Is Your Horse Too Thin?
You might think that the ideal weight for a horse, like the perception of beauty, lies in the eye of the beholder. Some people like the slim silhouette of thoroughbreds and some like their equines with the solid quarter horse appearance (even if they are not quarter horses). So the perfect look for one breed will be different for another. Increase grain intake in small increments, waiting at least a week between each change. If you build up his grain portions too quickly it can cause founder or colic.
No matter the breed, however; horses should not be underweight, and there are some well-established standards in the industry. The most profound example of poor weight is the horse with protruding ribs and hip bones. However, most horses that have weight loss are more subtle and often it is difficult to say for sure if they're too thin. Even the use of a weight tape can be misleading, although if you get a good baseline measurement when the horse is normal, the trends you measure will generally be an accurate reflection of weight gain or loss.
How to Examine Your Horse
The best way to determine whether your horse is the proper weight is to carefully examine the ribs, back, withers and shoulders of your horse. If your horse is completely normal, the ribs will not be visually distinguishable, but you can just feel them. The back will be almost flat on top. The withers will be slightly rounded.
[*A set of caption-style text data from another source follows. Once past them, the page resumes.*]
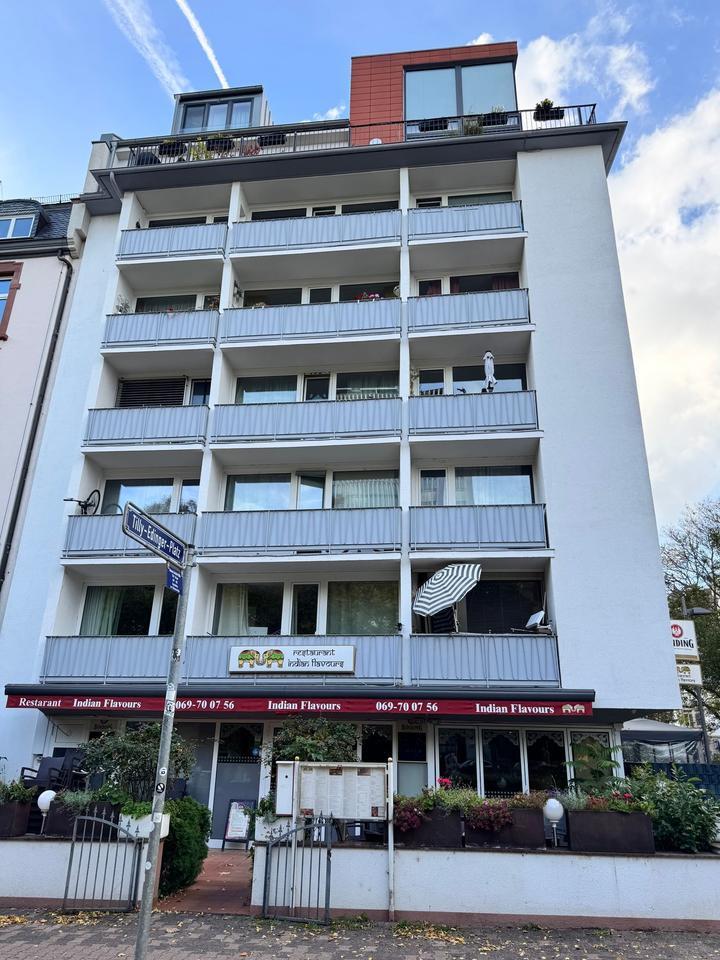 Restaurant mit Außenterrasse in Bockenheim zimmer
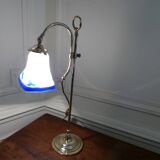 Lampe de bureau ou salon en laiton poli  XXème siècle pâte de verre signé LOTI Nancy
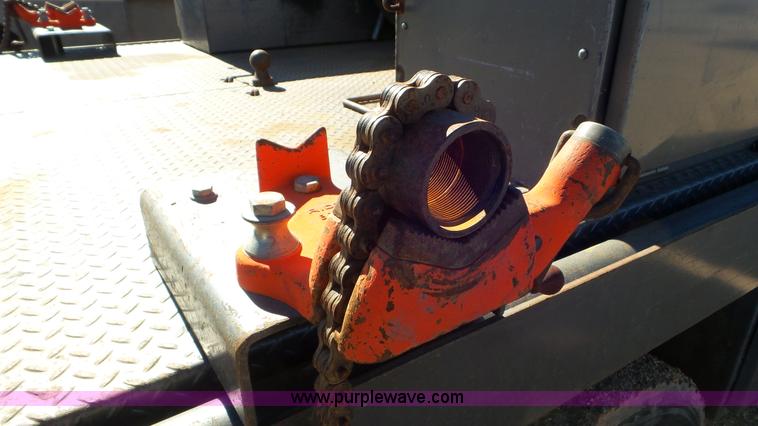 image for item K6996 2008 Ford F450 Super Duty flatbed truck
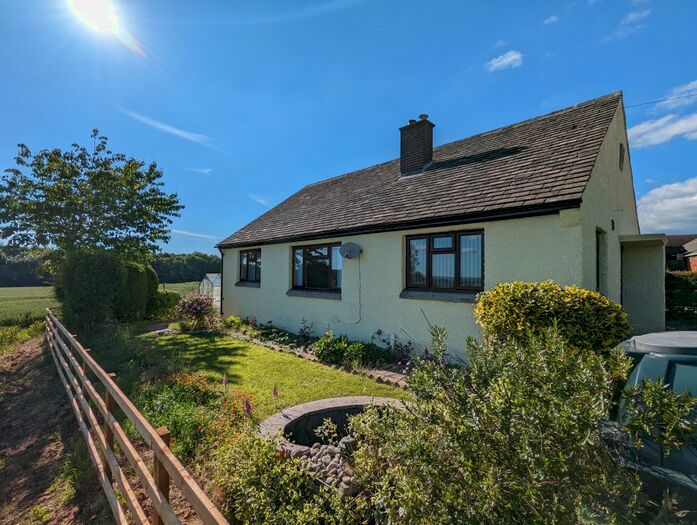 3 Bedroom Detached Bungalow To Rent In Heighington, Darlington, DL2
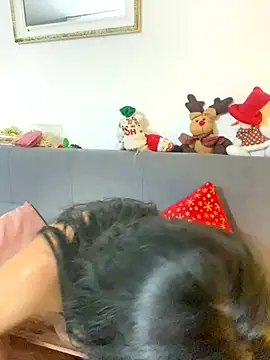 Snapshot of cloe_small chatting on December 2, 2:42 am cloe small online show from December 2, 2:42 am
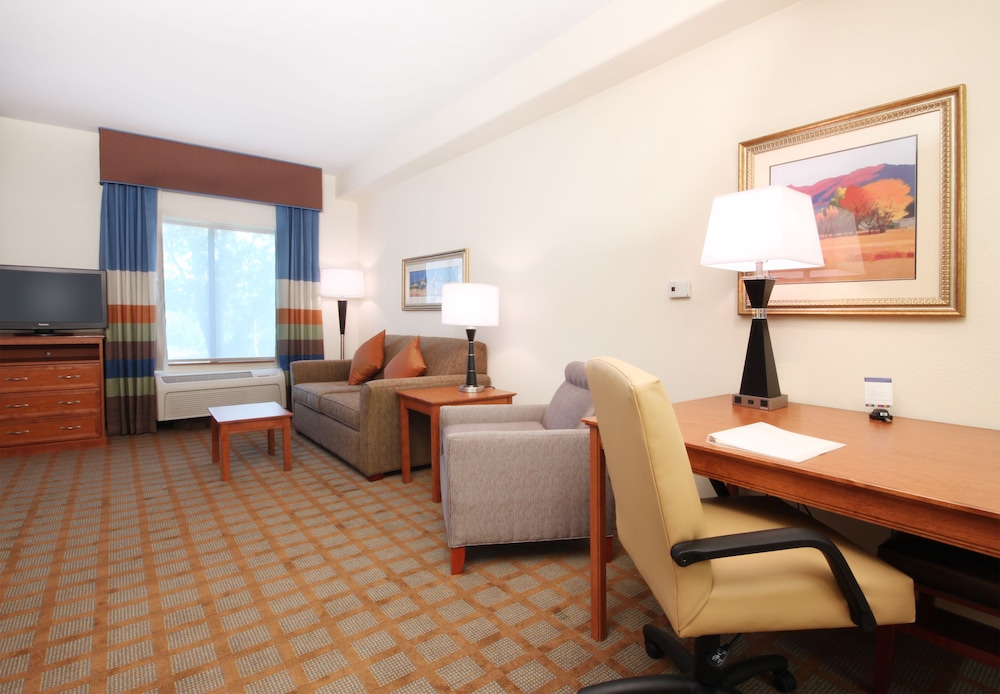 Hampton Inn & Suites Ontario - photo 20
The shoulder and neck muscles will blend together smoothly, and the tail head will have a light spongy layer of fat around it.
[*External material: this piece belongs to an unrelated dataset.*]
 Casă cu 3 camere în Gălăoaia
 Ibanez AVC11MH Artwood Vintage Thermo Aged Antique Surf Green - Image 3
When a horse becomes thin, the ribs become obvious without touching them. The withers, shoulder and back are initially unaffected with weight loss of less than 50 pounds (for a 1,000-pound horse). When the problem gets worse, the back starts to slope off the topline, and the spinous processes on the topline and the ribs are easy to feel. The tailhead becomes more prominent and fleshy. At this point the horse has lost up to 100 pounds. With more advanced weight loss (more than 100 pounds), the withers, shoulder and neck appear thin.
The shoulders of a horse with this level of weight loss will protrude, and he will have a thin neck and prominent topline where you can see the individual bones in the spine along the back. As the problem advances and the body fat and muscles get broken down, he will look "sunken," particularly in the face and neck.
Even at the early stage, when the ribs become visible, weight loss may indicate a medical problem, rather than a dietary one. Check with your veterinarian to make sure the horse is generally healthy and can eat comfortably.
It is important to consider the demeanor of a horse in assessing weight. In general, nervous horses tend to be thinner than other horses. Those who paw, crib, or pace, burn off an amazing number of calories. You may have difficulty keeping weight on those horses. Horses kept outdoors with no shelter year-round may have a tough time keeping weight on. They burn calories staying warm in the winter and fending off flies in the summer. In many states, keeping a horse outside with no shelter is illegal for that reason. And a horse that is not wormed regularly also will have trouble retaining weight and will be more prone to digestive problems, such as colic.
Guidelines for Your Horse's Diet
If those conditions are not a factor, and your horse is still thin, here are a few guidelines for adjusting his diet:
Increase the amount of hay you feed the horse, which will add weight faster than grain in most cases. If possible, give him free choice access to as much hay as he will eat.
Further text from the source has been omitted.